Trump: Three US detainees released from North Korea

May 9, 2018

The White House has described their release as a "positive gesture of good will." Analysts believe North Korea is trying to shore up support for sanctions relief as it shifts from its "weapons phase" to development.

https://p.dw.com/p/2xQzM
US citizens detained in North Korea: Kim Dong Chul (left), Tony Kim (center) and Kim Hak Song (right)
Image: picture alliance/AP Photo/Ahn Young-joon

US President Donald Trump announced on Twitter that State Secretary Mike Pompeo had successfully secured the released of three American citizens detained in North Korea. 

The president said Pompeo was on his way back to the US from Pyongyang with the three released prisoners, adding that the former detainees appeared "to be in good health."

Read more: North Korea: From war to nuclear weapons

Who are three US citizens released by North Korea?

  • Kim Hak-song, who is in his mid-50s, was working at Pyongyang's University of Science and Technology (PUST), specializing in agricultural development, at the time of his arrest. Born in Jilin, China, Kim went to university in California and continued to live in the US for 10 years. He subsequently moved back to China before going on to work in Pyongyang. He was arrested in May 2017 on suspicion of planning to commit "hostile acts" against the government.
  • Kim Sang-duk, who also goes by the name Tony Kim, is a former professor at China's Yanbian University of Science and Technology, close to the Korean border. The university website lists his speciality as accounting. South Korea media reported that Kim, who is reportedly in his 50s, had taken part in relief work in North Korea's rural areas and also taught at PUST. He was arrested at Pyongyang airport in April 2017 for committing "criminal acts of hostility aimed to overturn" North Korea, according to the North's official news agency. It remains unknown what specific crime Kim is supposed to have committed.
  • Kim Dong-chul is a South Korea-born American businessman and pastor in his 60s. He was arrested in October 2015 after allegedly receiving a USB stick containing confidential military information and nuclear secrets from a North Korea soldier. He was charged in April 2016 with subversion and espionage, and sentenced to 10 years' hard labor.  In 2016 he told CNN he had previously run a hotel services company in North Korea's special economic zone of Rason, located near the border with China and Russia.

Read more: North Korea: Prisoner issue looms large after Mike Pompeo's secret trip

A 'gesture of good will'

The White House said in a statement that it viewed the release of the three American detainees as a "positive gesture of good will" leading up to the Trump's historic summit North Korean leader Kim Jong Un.

The family of Tony Kim, one of the three released American citizens, said they were grateful for his release and thanked Trump for engaging with the North Korean regime.

Read more: A war of diplomacy on the Korean Peninsula

Commenting after the release, US Defense Secretary James Mattis said: "I think there is reason for some optimism that these talks could be fruitful."

But South Korea said that while the move has a "positive effect" ahead of the planned talks between Trump and Kim, it was still calling on Pyongyang to release six South Korean detainees "in order to reinforce reconciliation."

Read more: North Korea denuclearization: can Pyongyang be trusted?

Why now?

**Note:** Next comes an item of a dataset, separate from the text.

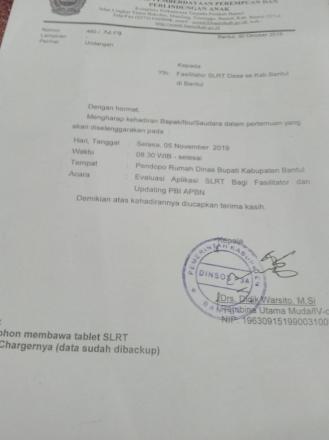 EVALUASI APLIKASI SLRT BAGI FASILITATOR DAN UPDATING PBI APBN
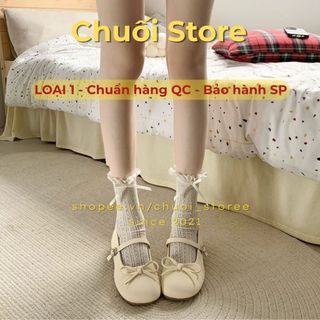 Giày lolita nữ da PU tổng hợp dệt vải đế cao su nữ tính nhẹ nhàng thanh lịch tinh tế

Pyongyang's decision to release the prisoners comes ahead of a major summit, which will mark the first time a sitting US president meets face-to-face with a North Korean leader.

North Korea is hoping that the summit will lead to sanctions relief and greater access to international trade. Analysts at the Washington-based 38 North think tank believe Pyongyang is turning to economic development after finishing its "weapons phase."

Read more: How North Korea survives on an oil-drip from Russia

What happens next?

According to US officials, there has been "substantial progress" on setting up the Trump-Kim meeting. Media reports in South Korea and the US have suggested that the meeting will likely take place in Singapore towards the end of May or June.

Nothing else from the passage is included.